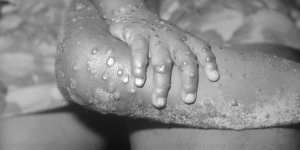 Monkeypox-like lesions on the arm and leg of a girl in Liberia in 1971. 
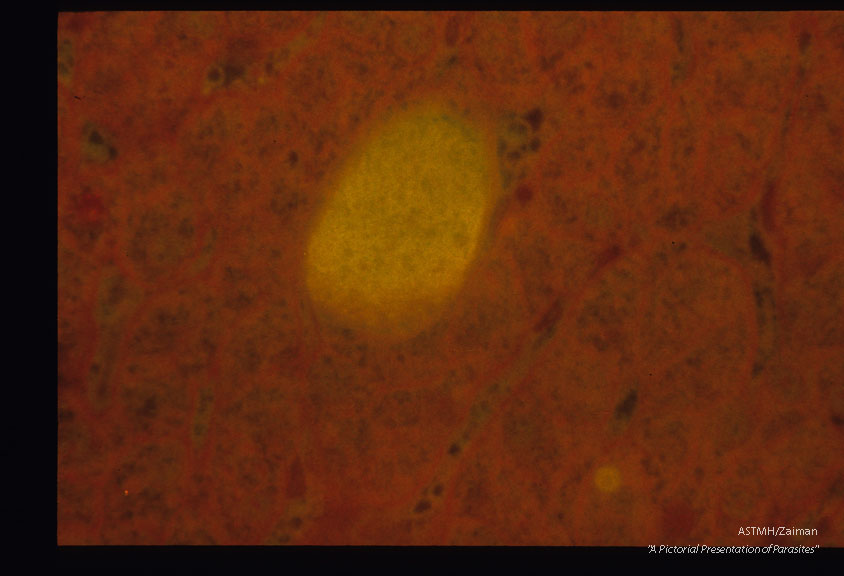 Demonstration of hypnozoiite and hepatic schizonts by immunof lucres cent antibodies and subsequent counterstaining by Giemaa-colophonium.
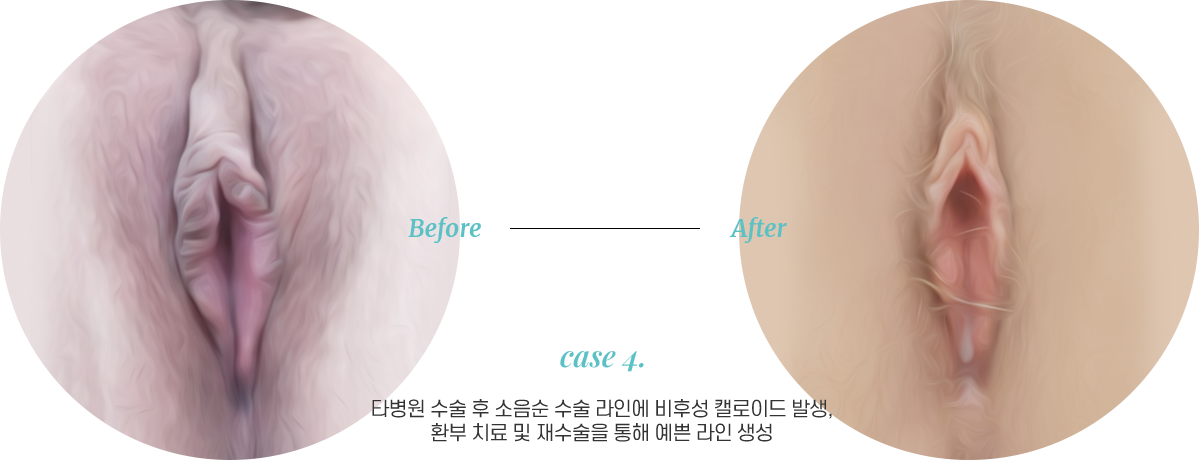전후사진4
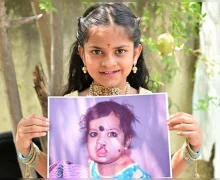 క్లెఫ్ట్స్- గ్రహణం మొర్రి ముందస్తు నిర్ధారణ కోసం అవగాహనకు స్మైల్ ట్రైన్ ఇండియా కృషి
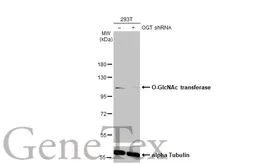 Anti-O-GlcNAc transferase antibody [HL1641] used in Western Blot (WB). GTX637222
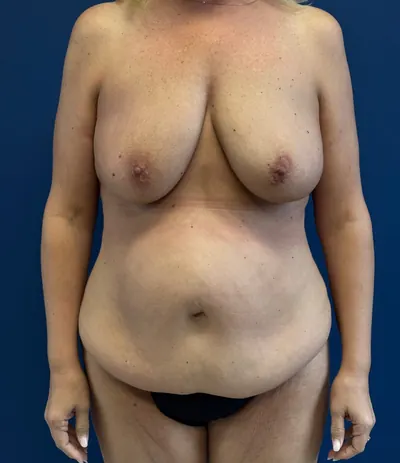 Tummy Tuck Case #6263 — before, Dr. Frank Albino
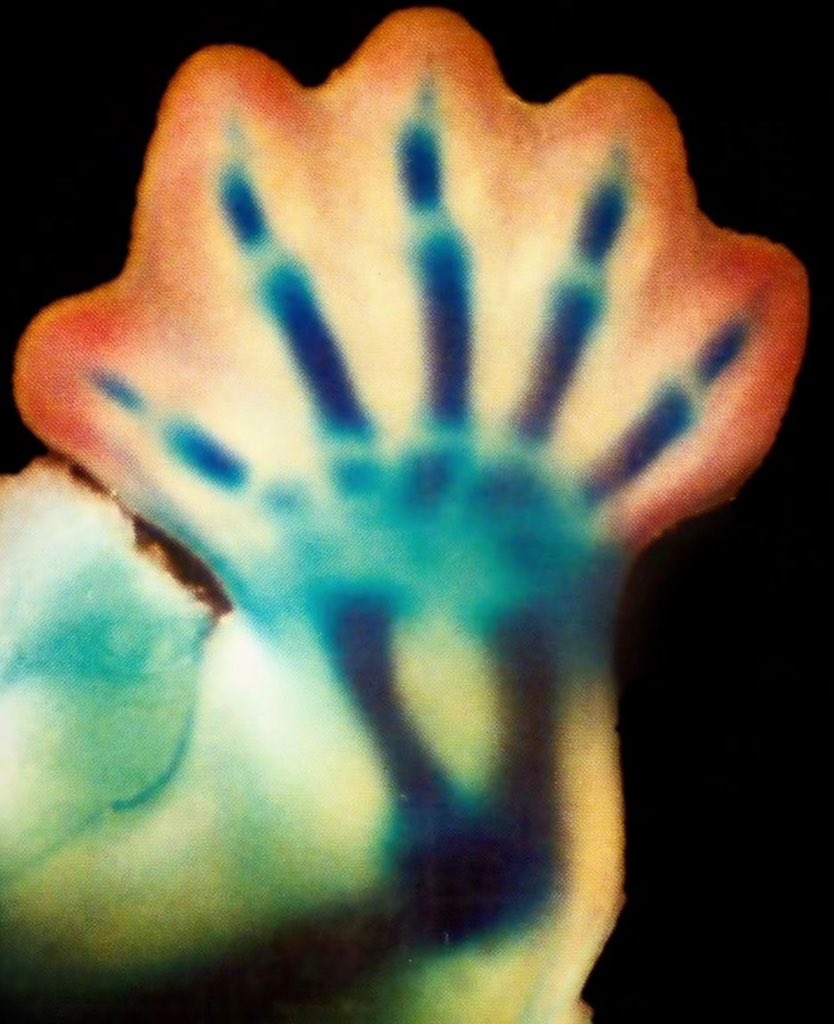 The skeletal hand of a 7-week-old embryo. What an amazing clump of cells. #human #HumanityFirst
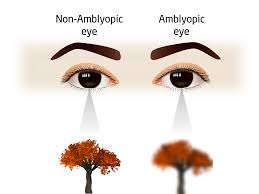 Amblyopia Treatment in Kew Gardens, NY: Expert Care for Lazy Eye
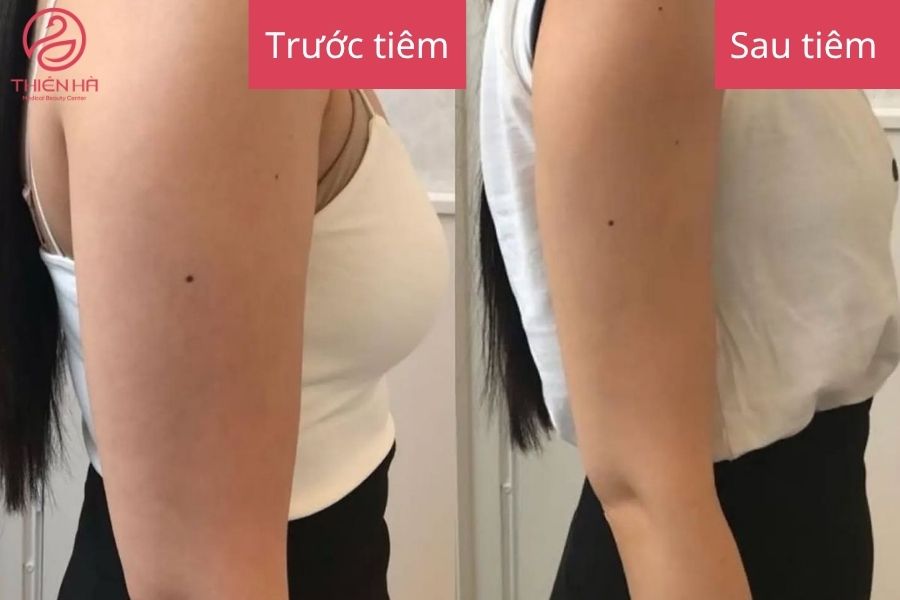 Kết quả sau tiêm tan mỡ bắp tay : Bắp tay thon gọn 
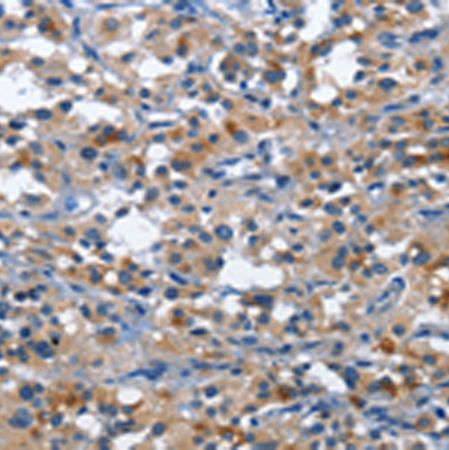 兔抗CD177多克隆抗体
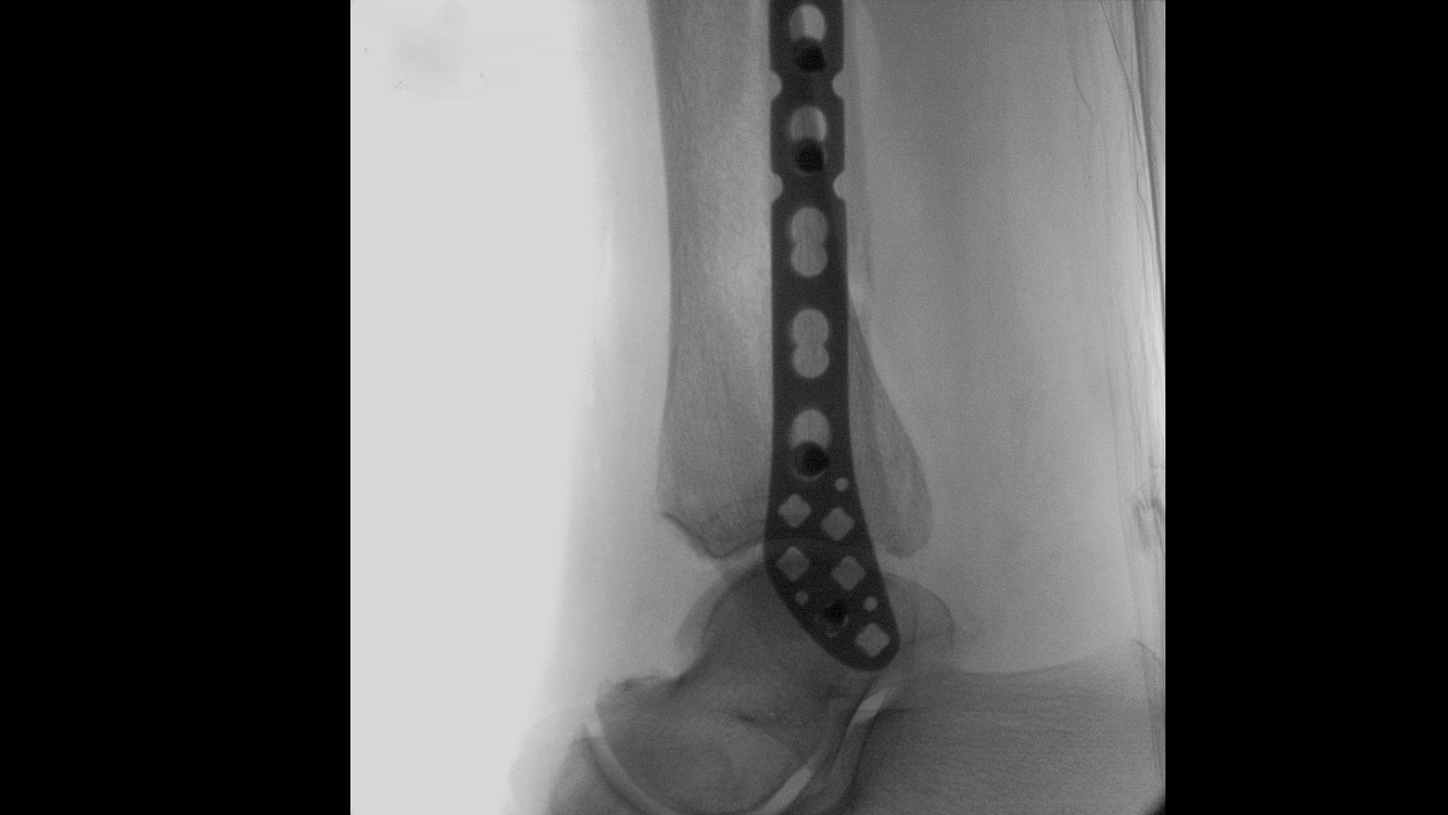 Distal tibia surgery with Cios Fit, a mobile 2D C-arm for surgery.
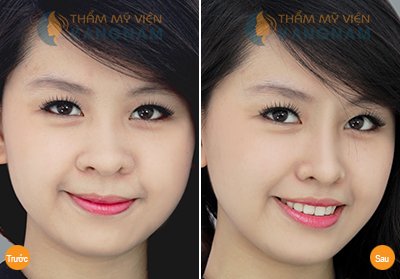 Nâng mũi không cần phẫu thuật ở đâu tốt tại Hà Nội Nâng mũi không cần phẫu thuật ở đâu tốt tại Hà Nội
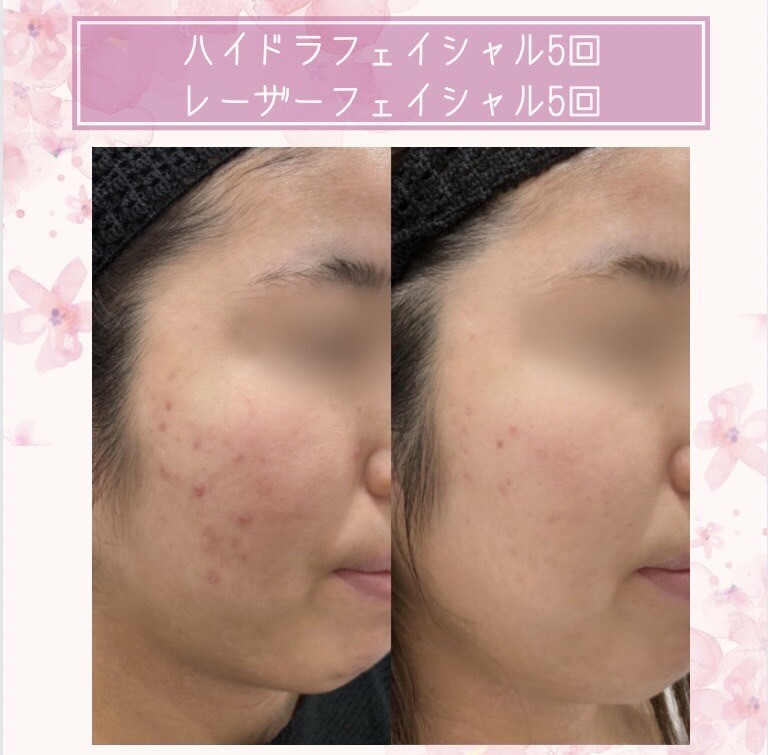 [20代 女性] ハイドラフェイシャル5回 レーザーフェイシャル5回（ニキビ・ニキビ跡の治療）の症例写真 (CS73681)｜さっぽろ美容 ...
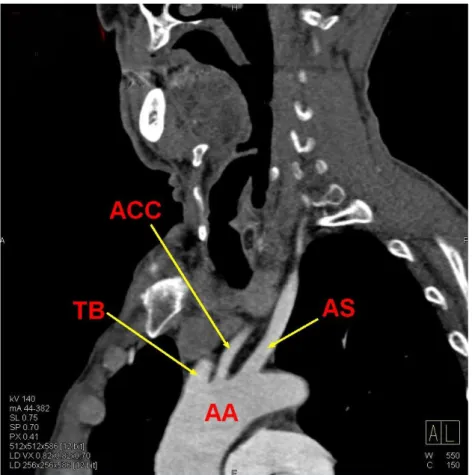 ġekil 3.3. Arcus aortae (AA), truncus brachiocephalicus (TB), arteria carotis  communis (ACC) ve arteria subclavia (AS) olmak üzere 3 dal verdiği olgu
+ + + + + + +
• [What is required]: Pictures stay out of the copy, while everything else in the records above goes in exactly as written.

• [Worked solution]:
 Monkeypox-like lesions on the arm and leg of a girl in Liberia in 1971. 
 Demonstration of hypnozoiite and hepatic schizonts by immunof lucres cent antibodies and subsequent counterstaining by Giemaa-colophonium.
전후사진4
 క్లెఫ్ట్స్- గ్రహణం మొర్రి ముందస్తు నిర్ధారణ కోసం అవగాహనకు స్మైల్ ట్రైన్ ఇండియా కృషి
 Anti-O-GlcNAc transferase antibody [HL1641] used in Western Blot (WB). GTX637222
 Tummy Tuck Case #6263 — before, Dr. Frank Albino
 The skeletal hand of a 7-week-old embryo. What an amazing clump of cells. #human #HumanityFirst
 Amblyopia Treatment in Kew Gardens, NY: Expert Care for Lazy Eye
 Kết quả sau tiêm tan mỡ bắp tay : Bắp tay thon gọn 
 兔抗CD177多克隆抗体
 Distal tibia surgery with Cios Fit, a mobile 2D C-arm for surgery.
 Nâng mũi không cần phẫu thuật ở đâu tốt tại Hà Nội Nâng mũi không cần phẫu thuật ở đâu tốt tại Hà Nội
 [20代 女性] ハイドラフェイシャル5回 レーザーフェイシャル5回（ニキビ・ニキビ跡の治療）の症例写真 (CS73681)｜さっぽろ美容 ...
 ġekil 3.3. Arcus aortae (AA), truncus brachiocephalicus (TB), arteria carotis  communis (ACC) ve arteria subclavia (AS) olmak üzere 3 dal verdiği olgu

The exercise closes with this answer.